Think of it this way...
It’s like a sold-out collectible, once every copy is in the wild, the only way to get one is from someone who already has it.
Bitcoin will eventually reach its 21 million cap; once all coins are mined, miners won’t earn block rewards, they’ll rely solely on transaction fees. Some tokens, like BNB, manually burn supply to reduce circulating and approach a capped max. Others, like Ethereum (which has no fixed max), use mechanisms like EIP-1559 to slowly control and reduce total supply without a hard cap. The key impact of hitting max supply? It locks in scarcity, but it also shifts incentives across the network.
How does max supply influence scarcity and investor perception?
A max supply creates a psychological and economic sense of scarcity.

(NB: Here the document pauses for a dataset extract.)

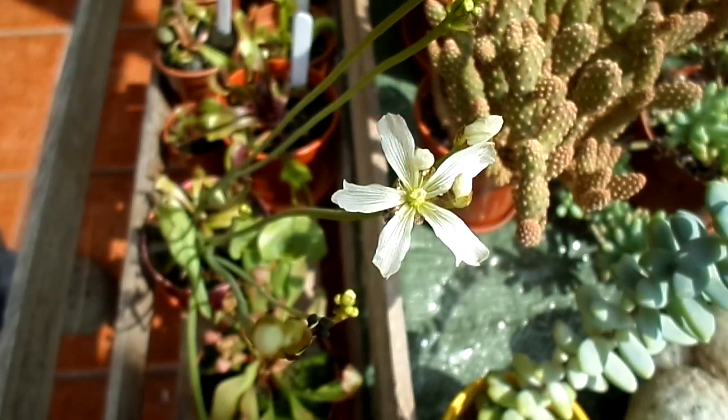Hi guys, it's Lynn here. Hope you're having a fantastic day. Today I'm going to be pollinating my Venus flytrap. I did a video a couple of days ago of it in flower, and today I'm going to be pollinating it, which is all fun.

When people know there’s a hard cap, they often value each individual token more. This can affect long-term demand, especially among holders who believe supply limitations create upward pressure when demand rises.
Think of it this way...
It’s like owning a rare comic book. If no more will ever be printed, scarcity drives interest, even sentimentally.
Bitcoin’s fixed 21 million token limit is central to its narrative as “digital gold.” Tokens with no cap or unclear limits, like some meme coins, may feel more inflation-prone or experimental. Investor perception isn’t always rational, but clear limits often signal maturity and planning. That doesn’t mean capped tokens are “better”, just that max supply helps shape the story people tell about a project.
Can developers change a coin’s total supply after launch?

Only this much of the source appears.